To make these changes permanent, edit /etc/fstab. For XFS, the tuning parameters are often set during filesystem creation or via xfs_growfs for certain attributes, but mount options like noatime and logbufs can be adjusted in fstab.

# /etc/fstab
UUID=...  /  xfs  defaults,inode64,noquota  0 1
UUID=...  /data  xfs  rw,relatime,attr2,inode64,noquota,logbufs=16,noatime  0 2

Note: The logbufs and logbsize options are most effective when set at filesystem creation time. While remounting can apply them, their full benefit is realized with a properly tuned filesystem from the start. For existing filesystems, consider the impact of noatime on applications that rely on access times.
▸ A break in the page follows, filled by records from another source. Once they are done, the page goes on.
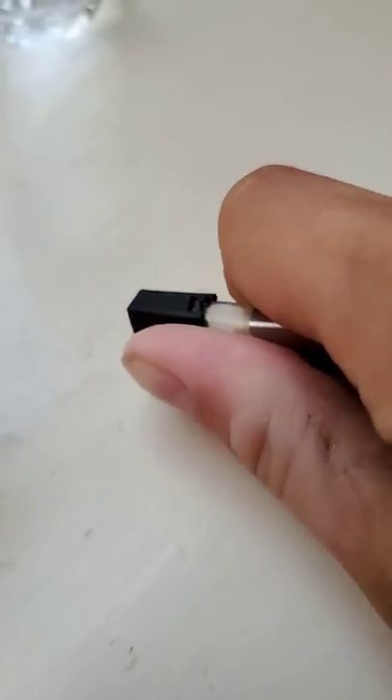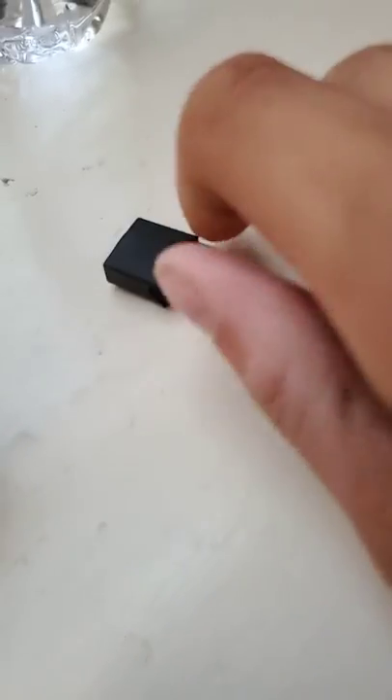So the first method is to take the pod out like that, just flip it around like that. I'm doing this with one hand so it's a bit awkward. I'm going to put it back and see if that works.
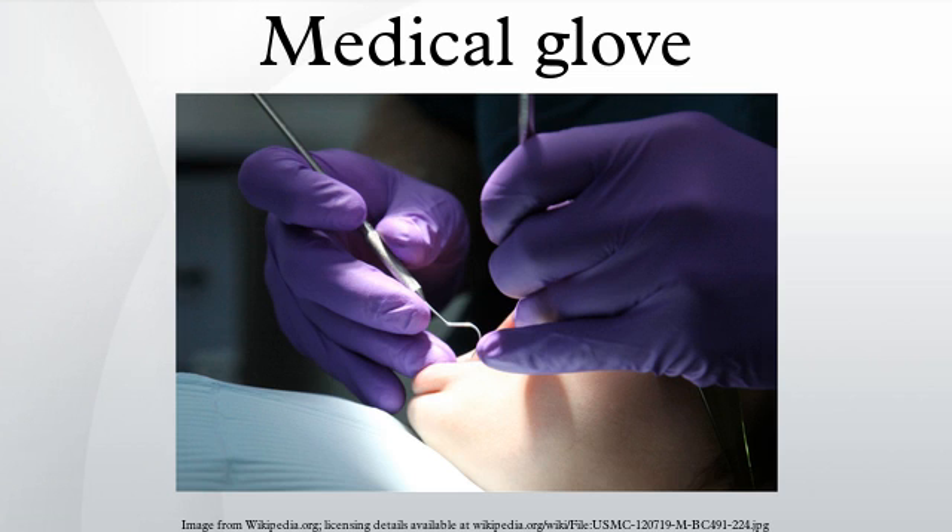In 1890, William Stewart Halstead was the first to use sterilized medical gloves when he was at Johns Hopkins University. With the publication of Germ Theory, Halstead was using carbolic acid, introduced by Joseph Lister, to sterilize his hands and his nurse's hands.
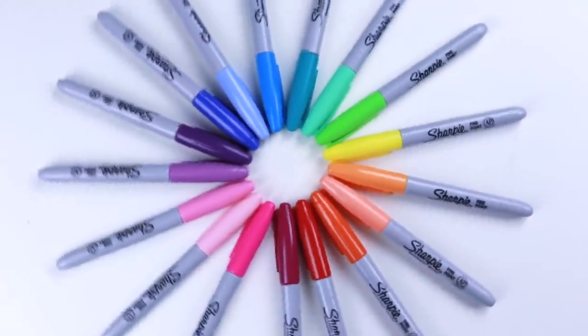Hello, hello! Welcome to my studio. We have Sharpies today. We are going to do some abstract painting.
Advanced Considerations and Further Tuning

Beyond mount options, several other factors contribute to I/O performance and can be tuned:

I/O Scheduler Tuning

The I/O scheduler determines the order in which I/O requests are sent to the storage device. For modern SSDs, the none or mq-deadline schedulers are often recommended. For HDDs, bfq or kyber might offer better throughput. You can check and set the scheduler for a device:

# Check current scheduler for a device (e.g., sdb)
cat /sys/block/sdb/queue/scheduler

# Example output:
# mq-deadline [bfq] none

# Set scheduler (e.g., to none) - requires root privileges
echo none > /sys/block/sdb/queue/scheduler

# To make this persistent across reboots, use udev rules.
# Create a file like /etc/udev/rules.d/60-ioschedulers.rules

# /etc/udev/rules.d/60-ioschedulers.rules
ACTION=="add|change", KERNEL=="sd[a-z]", ATTR{queue/scheduler}="none"
ACTION=="add|change", KERNEL=="nvme[0-9]n[0-9]", ATTR{queue/scheduler}="none"

Swappiness and Memory Management

Excessive swapping to disk can cause severe I/O wait. While not directly a filesystem tuning parameter, reducing the kernel’s tendency to swap can alleviate I/O pressure.

# Check current swappiness
cat /proc/sys/vm/swappiness

# Set swappiness temporarily (e.g., to 10)
sudo sysctl vm.swappiness=10

# Make permanent by editing /etc/sysctl.conf or a file in /etc/sysctl.d/
# Example: /etc/sysctl.d/99-swappiness.conf
# vm.swappiness = 10

Application-Level Tuning

Ultimately, the most effective tuning often occurs at the application level. Database tuning (e.g., buffer pool sizes, query optimization), web server configuration (e.g., caching, connection limits), and application code can significantly reduce I/O load. For instance, a database application might benefit from larger buffer pools to keep frequently accessed data in RAM, reducing disk reads.

Conclusion and Best Practices

Troubleshooting high load average and I/O wait spikes on Rocky Linux 9 requires a systematic approach. Start with diagnostics to confirm I/O as the bottleneck. Then, carefully evaluate filesystem mount options for ext4 and XFS, understanding the trade-offs between performance and data integrity. For ext4, data=writeback and adjusted commit intervals are powerful but risky. For XFS, tuning log buffers and using noatime can yield benefits. Always test changes in a staging environment before applying them to production. Remember to consider I/O scheduler settings and application-level optimizations for a holistic performance tuning strategy.